Entretanto, se o argumento adotado pelo Exmo. Ministro, gira em torno do pequeno impacto que as mudanças provocarão nos servidores que, à época da reforma, estavam mais próximos de completar os requisitos para a aposentadoria, não podemos deixar de colaborar com a discussão, apresentando uma situação fática esquecida pelo Ministro. Se não, vejamos:
Imagine uma servidora pública federal que, em 13/11/2019, faltava apenas um dia para implementar o requisito da idade de 55 anos, sendo este o último requisito a ser cumprido para que ela obtivesse o direito à integralidade e paridade pela regra de transição do art. 6º da EC 41/03.
O fato de completar 55 anos de idade apenas no dia 14/11/2019, fez com que ela perdesse o direito de se aposentar pelo mencionado art. 6º da EC 41/03, revogado pelo art. 35 da EC 103/19. Por esta razão, terá que se aposentar agora pelas novas regras de transição criadas pela reforma.
Ocorre que pelas novas regras de transição da EC 103/19, esta servidora, caso se aposente pela regra de transição de pontos (art. 4º), só terá direito à integralidade e paridade aos 62 anos de idade. Terá, portanto, que esperar mais 7 anos, caso queira garantir a integralidade. Significa dizer que, por causa de um único dia, terá que permanecer em atividade por mais 7 anos. Um dia se transformou em sete anos.
Neste caso, o mais viável é optar pela regra de transição do pedágio (art. 20 da EC 103/19), visto que nesta regra, não há a exigência do implemento da idade mínima de 62 anos para que a servidora tenha direito a integralidade e paridade. Por esta regra, ela nem precisará cumprir o pedágio de 100%, pois já possui mais de 30 anos de contribuição, faltando apenas o implemento da idade mínima exigida nos seus requisitos de elegibilidade, no caso, a idade de 57 anos, que será implementada nos próximos dois anos após a data de publicação da EC 103/19, já que nesta data, a servidora possuía quase 55 anos de idade.

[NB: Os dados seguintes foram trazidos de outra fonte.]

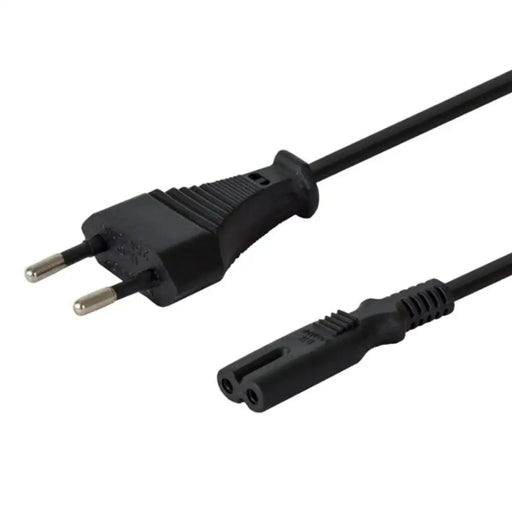 UTP Category 6 Rigid Network Cable Savio CL-97 Black 1,2 m - Мрежови кабели<<<Компютър Кабели и адаптери<<<Компютри|
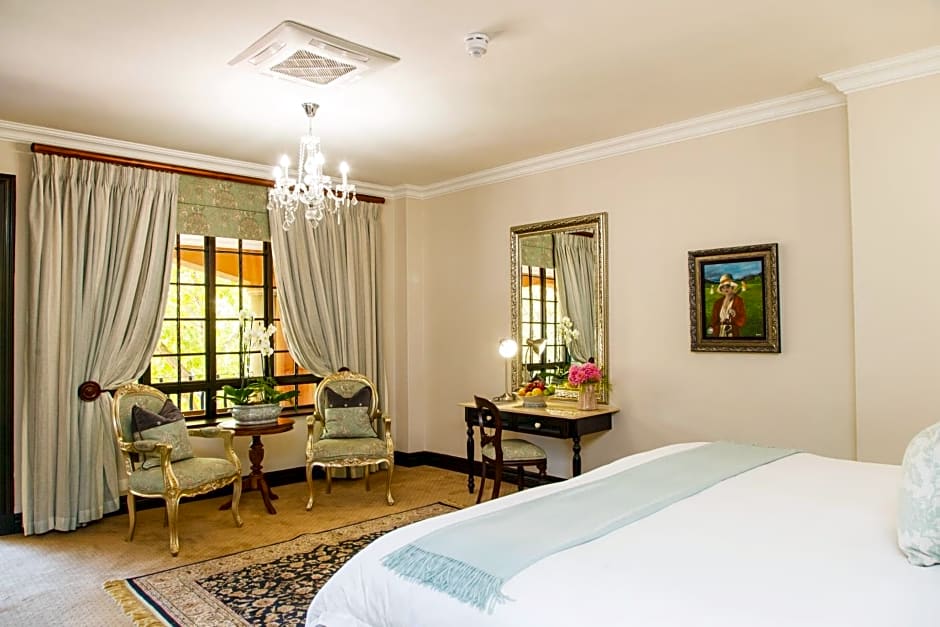 Ivory Manor Boutique Hotel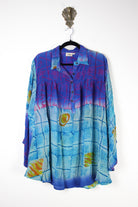 Amara Blouse 2XL (18004)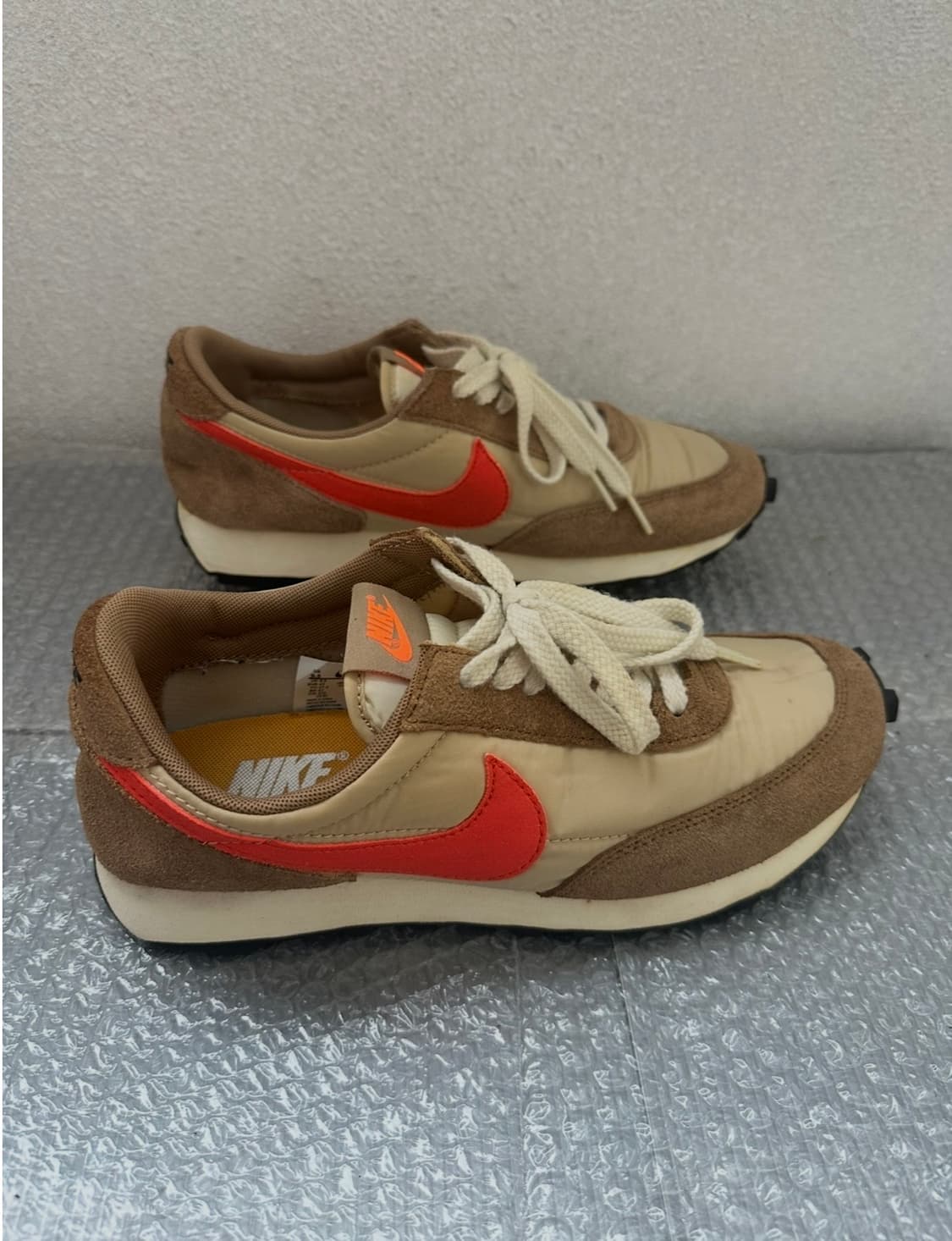 나이키 데이브레이크 sp 베/주 275 상품이미지3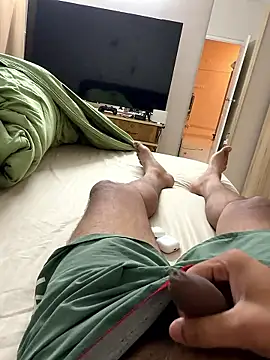 RithwikShar online show from 01-10-26, 01:50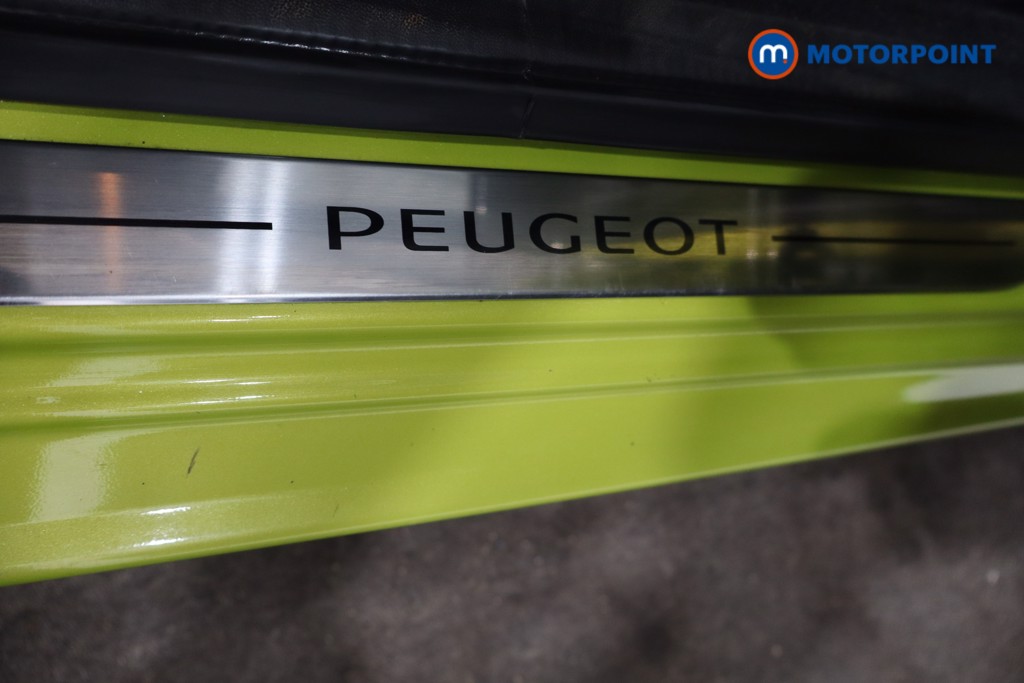 Peugeot 108 Collection Manual Petrol Hatchback - Stock Number (1576189) - 22nd supplementary image
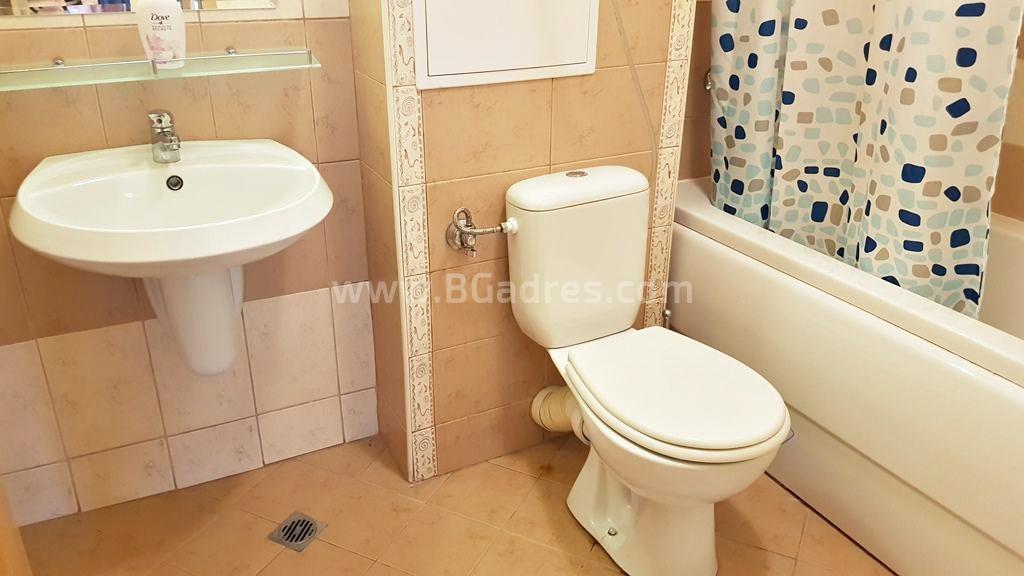 Apartment in Royal Sun complex І №2759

CONCLUSÃO: no caso em comento, a partir da publicação da EC 103/19, a servidora terá que permanecer por mais 7 anos em atividade para garantir integralidade e paridade pela regra de transição de pontos (art. 4º). E precisará de 2 anos para garantir integralidade e paridade pela regra de transição do pedágio (art. 20). Destarte, sem sombra de dúvidas, para quem faltava apenas 1 dia para se aposentar e, agora, na melhor das hipóteses, precisará permanecer por 2 anos, as novas regras de transição são extremamente desvantajosas quando comparadas às regras revogadas. Obviamente, não podemos concordar com o Ministro e entender que tal alteração traz um impacto de natureza leve na vida desta servidora, uma vez que a reforma tem o condão de transformar 1 dia faltante para a aposentadoria em 729 dias. Sem dúvida, é inarredável a flagrante ofensa à proporcionalidade.